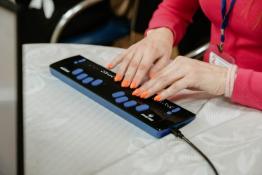 Пресс-служба ТРО "Единой России"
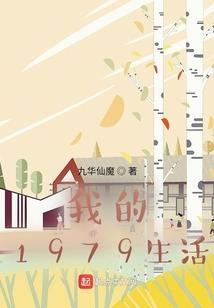 世世新升天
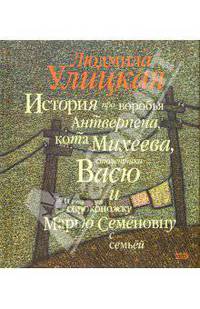 История про воробья Антверпена, кота Михеева, столетника Васю и сороконожку Марью Семеновну с семьей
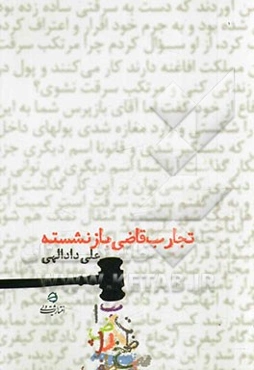 تجارب عملی قاضی بازنشسته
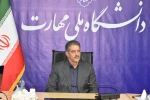 دکتر غلامرضا زمانی، طی حکمی سرپرست معاونت اداری، مالی و مدیریت منابع دانشگاه  را منصوب کرد:

آقای مجید قادری رهقی به عنوان سرپرست معاونت اداری، مالی و مدیریت منابع دانشگاه منصوب شد 4
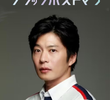 ブラックポストマン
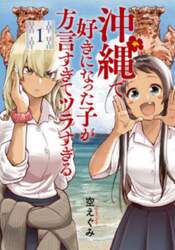 沖縄で好きになった子が方言すぎてツラ　１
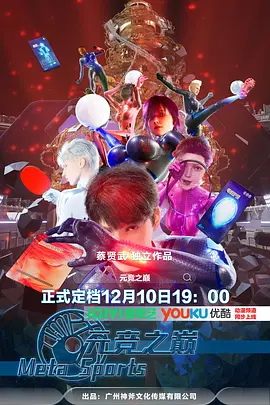 元竞之巅 第一季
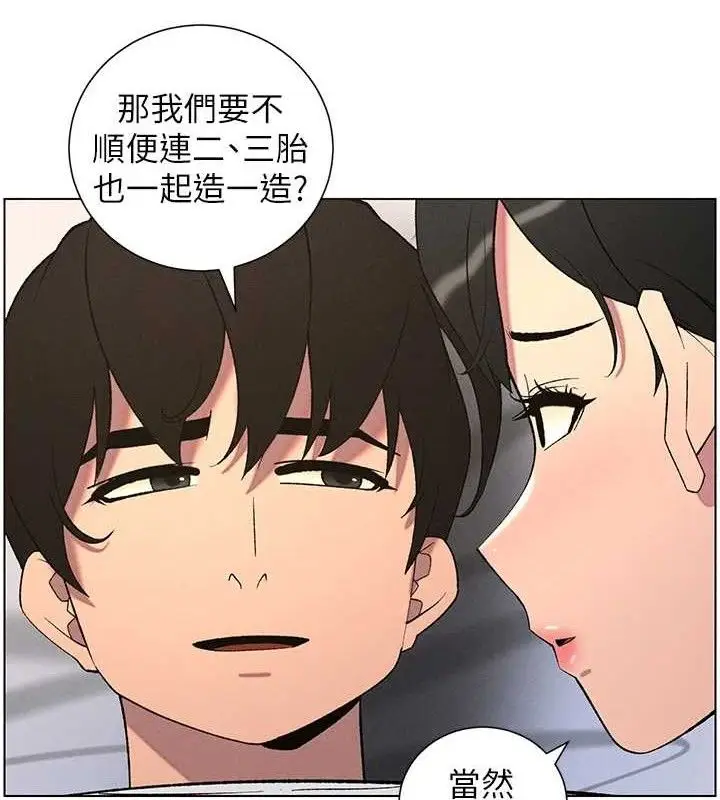 漫画《兄妹的秘密授课》第60话第42张图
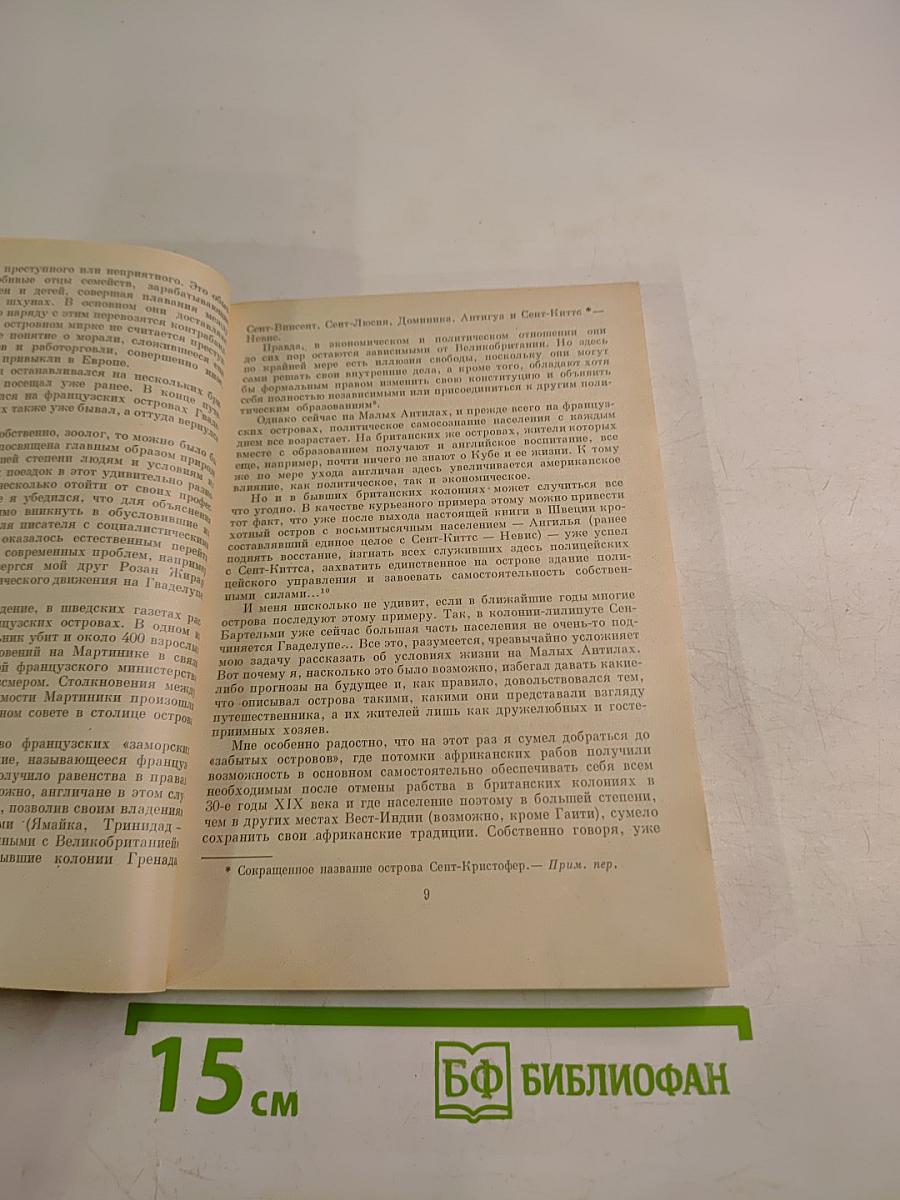 К забытым островам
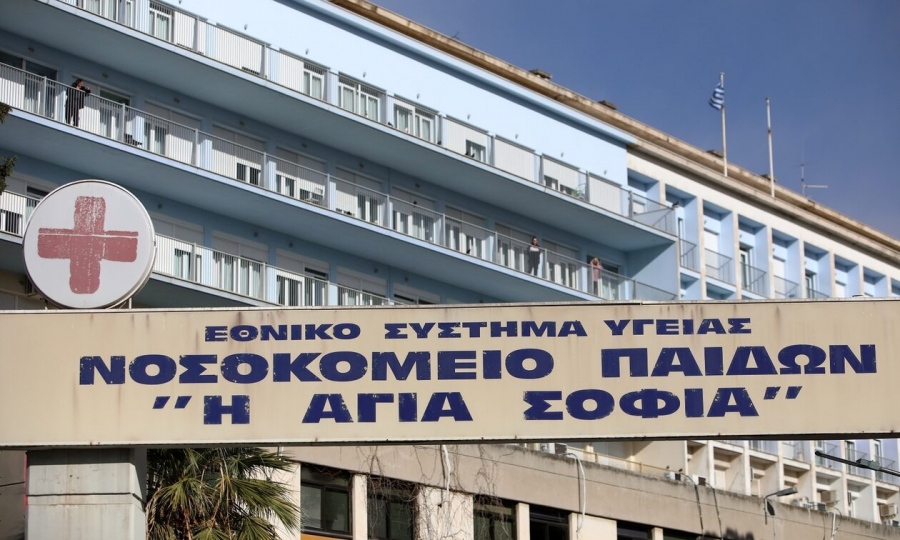 Ξυλοδαρμός γιατρού στο Παίδων «Αγία Σοφία» από εξοργισμένο συνοδό ασθενούς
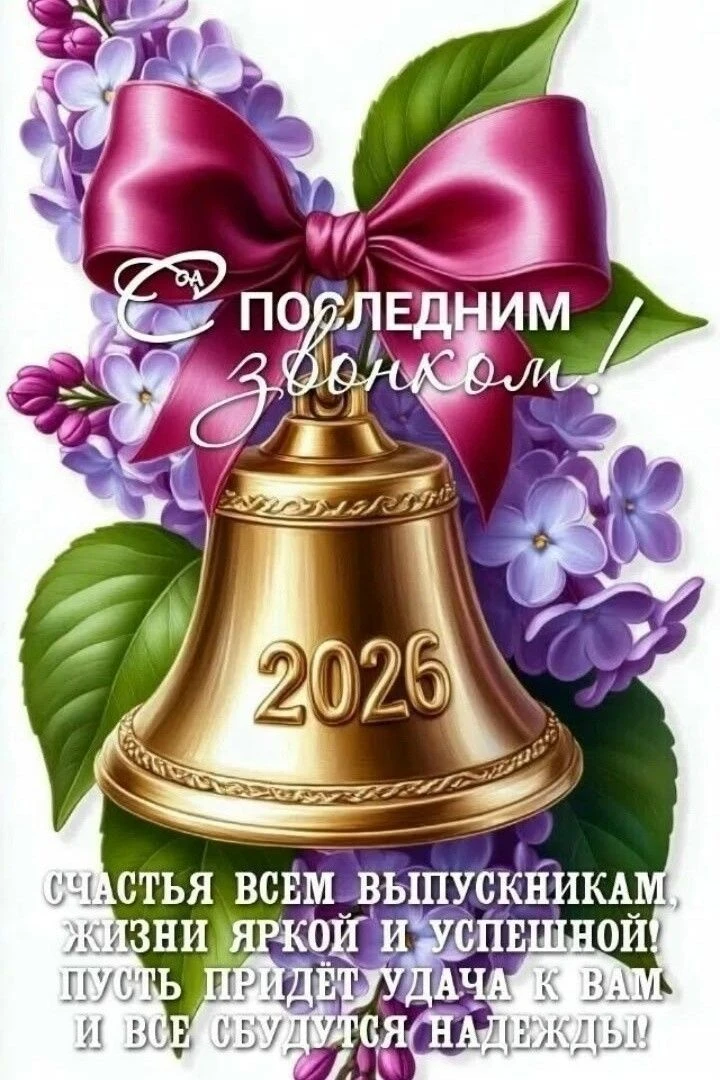 🛎Вчера в нашей школе состоялся последний звонок для выпускников 9-х, 11-х и 4-х классо...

**TASK STATEMENT:** The material shown above is to be repeated verbatim, and its pictures are to be omitted.

**FINISHED EXERCISE:**
 Пресс-служба ТРО "Единой России"
 世世新升天
 История про воробья Антверпена, кота Михеева, столетника Васю и сороконожку Марью Семеновну с семьей
 تجارب عملی قاضی بازنشسته
 دکتر غلامرضا زمانی، طی حکمی سرپرست معاونت اداری، مالی و مدیریت منابع دانشگاه  را منصوب کرد:

آقای مجید قادری رهقی به عنوان سرپرست معاونت اداری، مالی و مدیریت منابع دانشگاه منصوب شد 4
 ブラックポストマン
 沖縄で好きになった子が方言すぎてツラ　１
 元竞之巅 第一季
 漫画《兄妹的秘密授课》第60话第42张图
 К забытым островам
 Ξυλοδαρμός γιατρού στο Παίδων «Αγία Σοφία» από εξοργισμένο συνοδό ασθενούς
 🛎Вчера в нашей школе состоялся последний звонок для выпускников 9-х, 11-х и 4-х классо...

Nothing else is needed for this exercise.